- _Task brief_: Copy the records below exactly, but leave out any picture they contain.

------ Data in this exercise

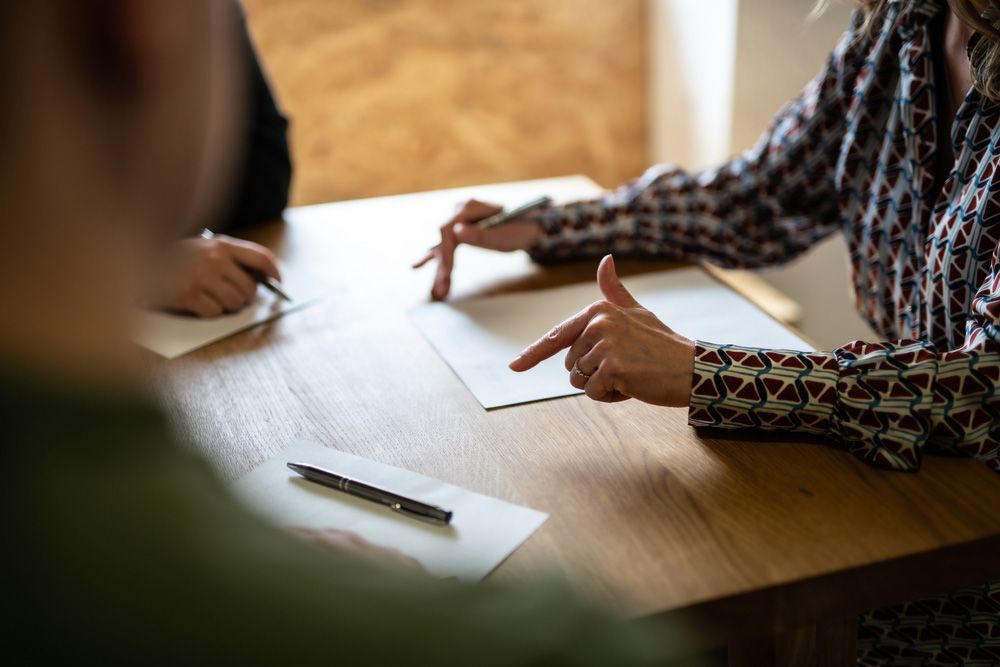 Woman sitting at a table pointing at a piece of paper — Mediator & Counsellor in Kingscliff, NSW
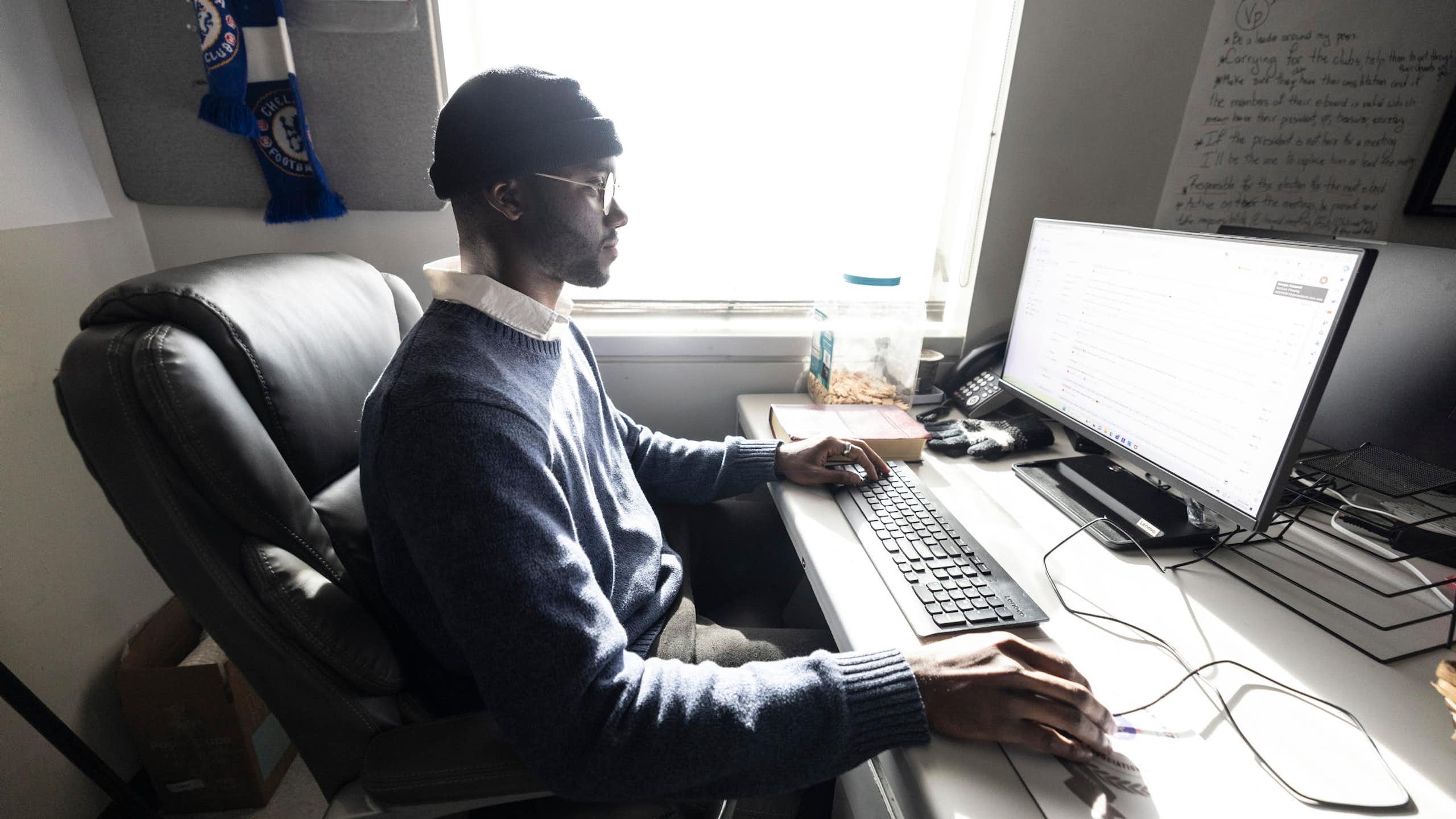 College student sitting at computer looking at large screen.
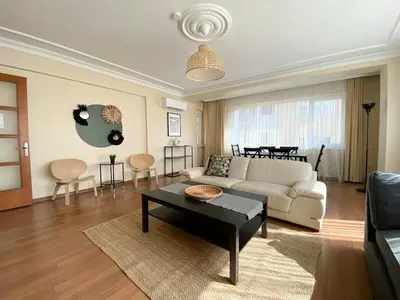 a living room with a couch and a table at City Center Spacious Flat No9 in Istanbul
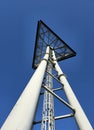 Triangular sign on a big three leg steel pole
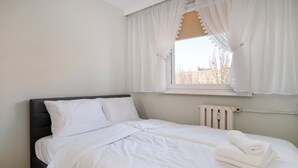 A neatly made bed with white linens, a dark headboard, and a window with white curtains. - Park Podolski Deluxe Apartment (Łódź)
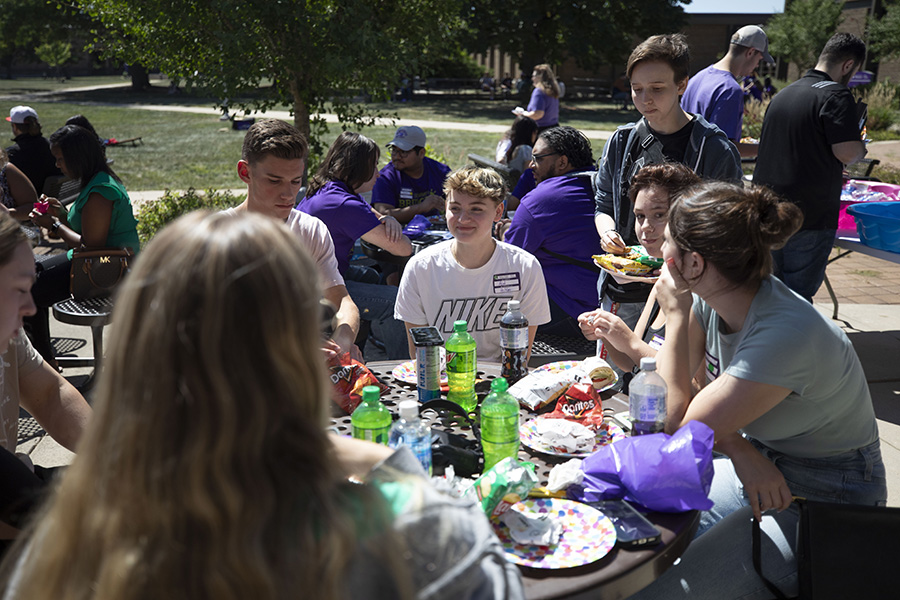 Students sit at a table outside and eat lunch together.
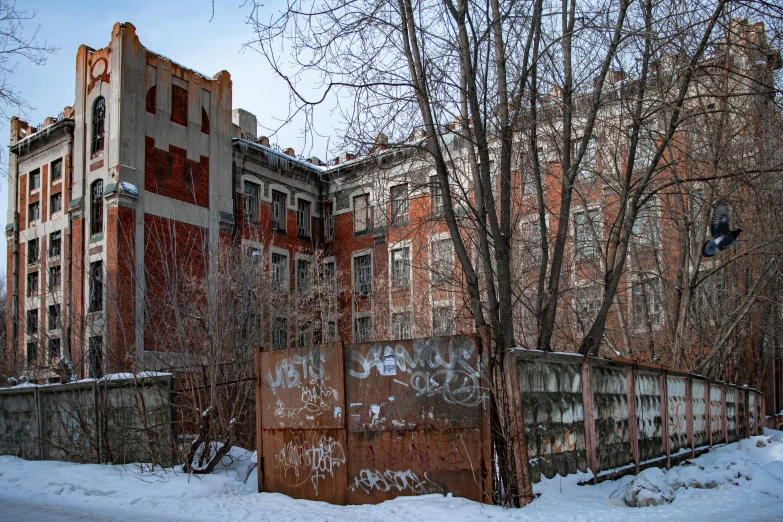 this is an urban setting with a building and trees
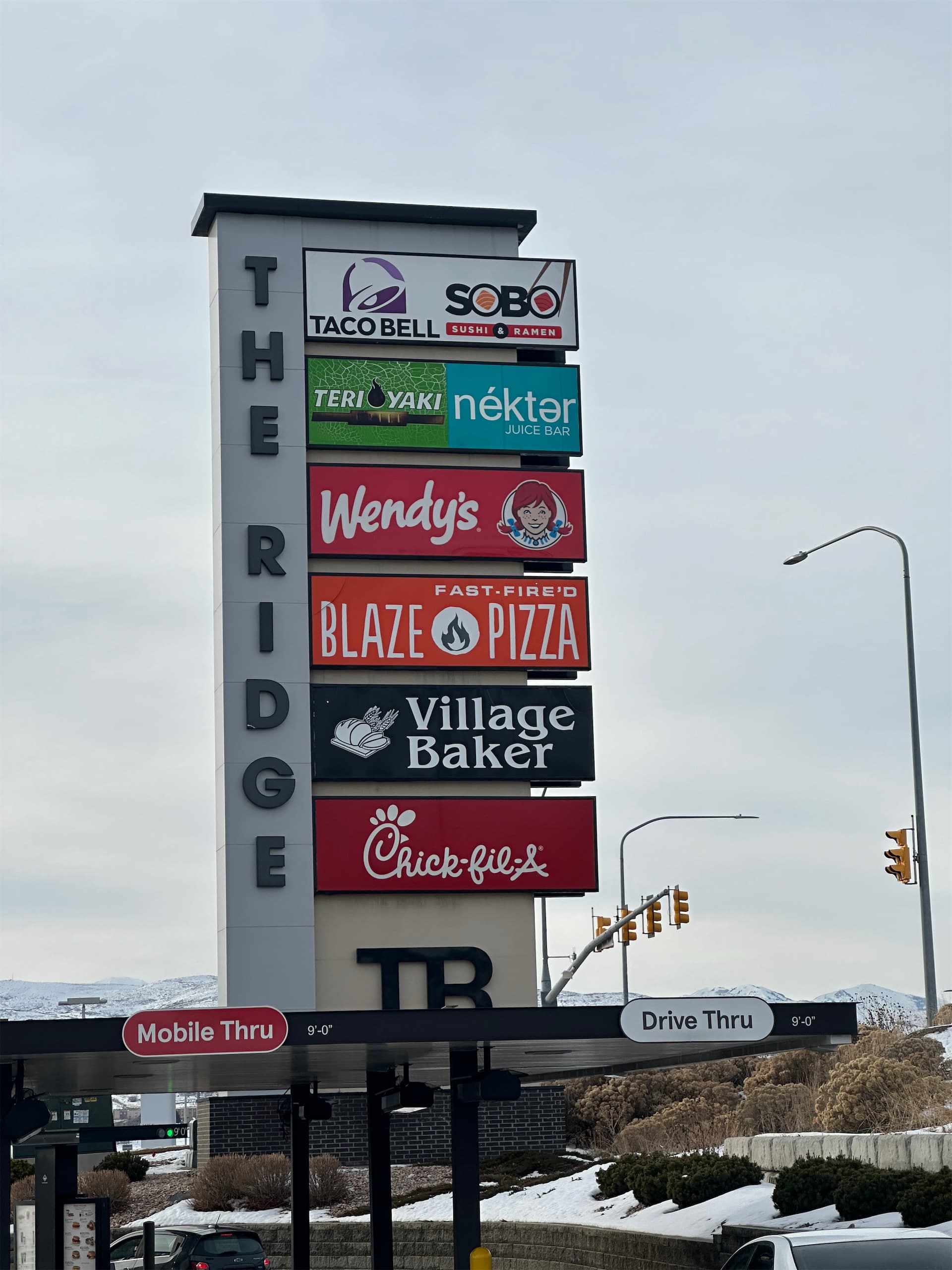 Large pylon sign for The Ridge featuring tenant logos including Wendy's, Blaze Pizza, and Chick-fil-A above drive-thru lanes.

------------

- _Exercise result_:
 Woman sitting at a table pointing at a piece of paper — Mediator & Counsellor in Kingscliff, NSW
 College student sitting at computer looking at large screen.
 a living room with a couch and a table at City Center Spacious Flat No9 in Istanbul
 Triangular sign on a big three leg steel pole
 A neatly made bed with white linens, a dark headboard, and a window with white curtains. - Park Podolski Deluxe Apartment (Łódź)
 Students sit at a table outside and eat lunch together.
 this is an urban setting with a building and trees
 Large pylon sign for The Ridge featuring tenant logos including Wendy's, Blaze Pizza, and Chick-fil-A above drive-thru lanes.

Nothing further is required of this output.